Ci parli del recente restyling.
«Il nostro piccolo negozio, con più di 20 anni di vita, aveva bisogno di un rinnovamento. Aveva bisogno di nuovi spazi, banchi e frigoriferi. Uno sforzo economico importante, ma è uno degli ultimi: voglio anche riposarmi e non fare come il presidente Mattarella (ride, nda)… Il prossimo anno compirò 70 anni, 55 anni dei quali li ho dedicati al lavoro. Ho individuato il successore in mio nipote Marco Pirotta, già da un po’ di anni in azienda. Lo seguirò e lo affiancherò nel passaggio di testimone. Comunque, non mollerò del tutto, perché questo mondo mi piace. Arriveremo alla quarta generazione. Nel 2020 avevo programmato una festa per i cento anni compiuti da Giolito Formaggi, ma il Covid ha fermato tutto. Adesso sto pensando cosa fare: mi inventerò un evento. La fantasia non mi manca…».

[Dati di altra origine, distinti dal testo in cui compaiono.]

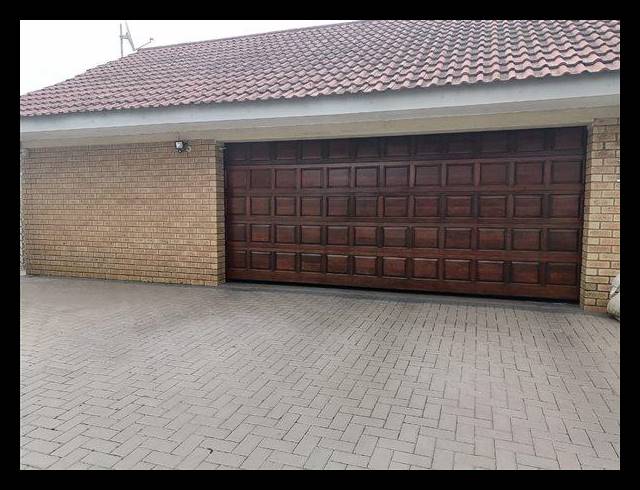 4 BEDROOM HOUSE FOR SALE IN MEER EN SEE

Quali scenari immagina per il vostro settore?
«Per quanto concerne la produzione, vedo che le piccole realtà vivono un momento particolarmente difficile. Occorre incentivarle e aiutarle, senza se e senza ma. Per quanto riguarda, invece, l’aspetto commerciale, spero che Bra continui a mantenere alto il livello grazie a Slow Food e Cheese. Dobbiamo proteggere le nostre produzioni. La crisi attuale, a partire dall’aumento delle bollette, colpisce tutti. Da parte mia, sto cercando di contenere gli aumenti e, anzi, con il rinnovo dei locali, ho abbassato il prezzo di alcuni prodotti. Nei prossimi mesi l’aspetto economico, condizionato dall’emergenza sanitaria e dalla guerra, sarà decisivo. Ma voglio continuare a essere ottimista e mi auguro un’edizione indimenticabile di Cheese 2023».